DWA’s office moved across the city throughout its lifetime and in its early years were primarily funded by a grant from the Council of Economic Opportunity. Legal Aid of Cleveland, CORE, and other community volunteers helped DWA form a charter and a board; Geraldine Roberts was elected as president of the organization. At its peak in the late 1960s, DWA consisted of at least six hundred members. As an organization, DWA helped place domestic workers in job placements throughout the city, advocated locally and nationally for fair pay and benefits for the workers, and provided scholarships for workers to attend Cuyahoga Community College, among many other initiatives. By the 1980s, the organization’s funding and membership waned as nationally, many Black women left domestic work and many migrants from the Global South filled their positions.

Roberts remained active both in local and national organizing. While she was president of DWA, Roberts attended the first national conference of domestic worker organizers in 1971 in D.C. She also testified before the Ohio legislature to urge a minimum wage for domestic workers, and testified in Cleveland for the United States Commission on Civil Rights about her experience as a domestic worker, organizer, and working-class Black woman in Cleveland. In the 1970s, she ran unsuccessfully for both Cleveland City Council and the School Board of Cleveland Schools. In 1980, she organized a new group, the Grassroots Female Coalition that registered women voters and sought to address the needs of marginalized women. In the early 1990s, she formed the Grandmothers and Grandfathers Project that sought to organize older members of the community to support Cleveland’s youth.

==Personal life==
Roberts married James Roberts, 22 years her senior, at the age of fourteen. He reportedly threatened to turn her in to the police for running away from home unless she married him. He also promised to help her get more education, and although he initially helped her enroll in night school in Cleveland, he eventually said that he could not watch the children and demanded she stop her schooling. The couple separated after twelve years of marriage. After her marriage ended, Roberts resumed her education and took evening classes at East Technical High School.

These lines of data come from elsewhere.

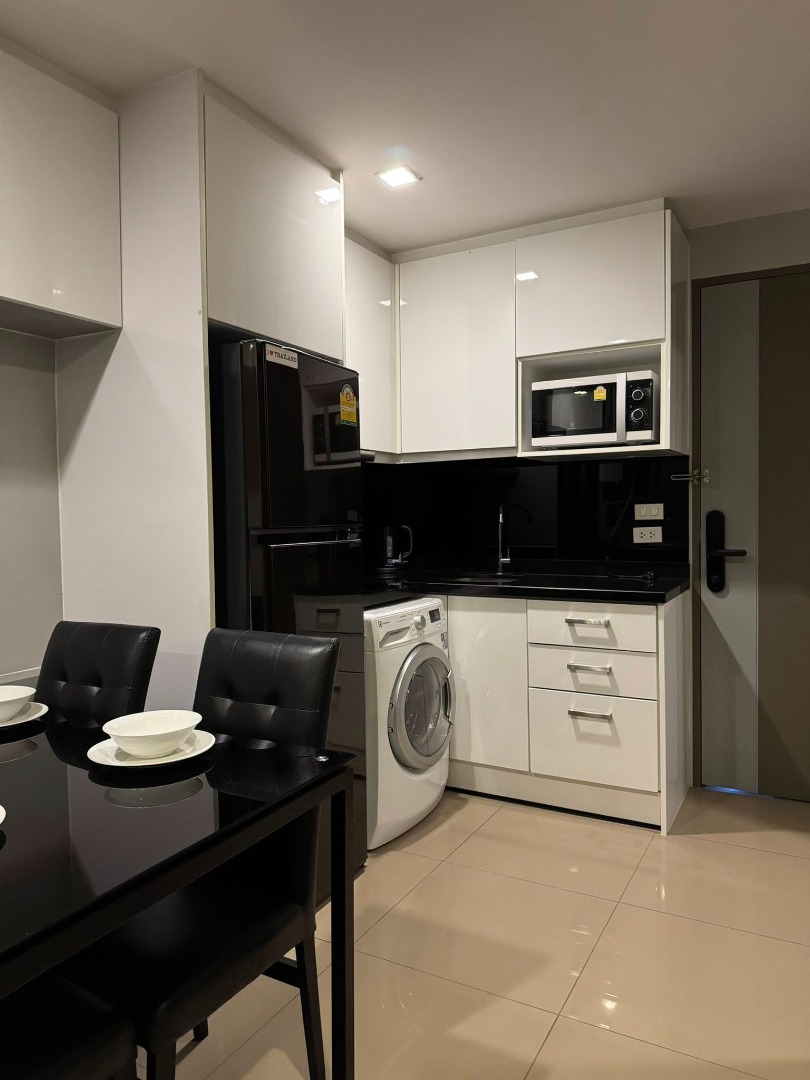ให้เช่าคอนโด Mirage Sukhumvit 27 ใกล้ BTS อโศก / พร้อมพงษ์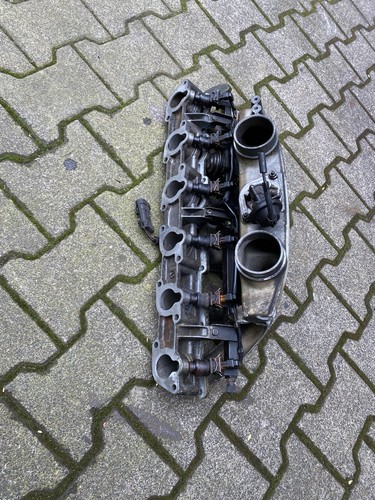 Opel c30se ansaugkrümmer - c30se,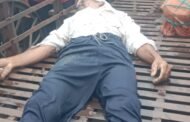 बैलगाडी सहीत दहेगाव येथे शेतकऱ्यांचा बुडून अंत....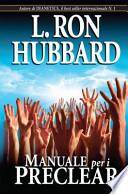 Handbook for Preclears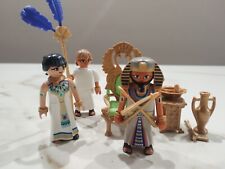 Playmobil il faraone usato  Italia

Roberts was friends with Louise Stokes, the mother of Carl and Louis Stokes, as they were both domestic workers. Both Carl and Louis Stokes supported Roberts’ activism.

Roberts died in her apartment in the Carver Park Apartment Housing Complex on December 4, 1997 at the age of 73.

===Recognition===
Roberts was a member of the Phillis Wheatley Association, the NAACP, Urban League and Lane Metropolitan C.M.E. Church. She received awards from Top Ladies of Distinction Inc., the Western Reserve Historical Society, and other civic organizations.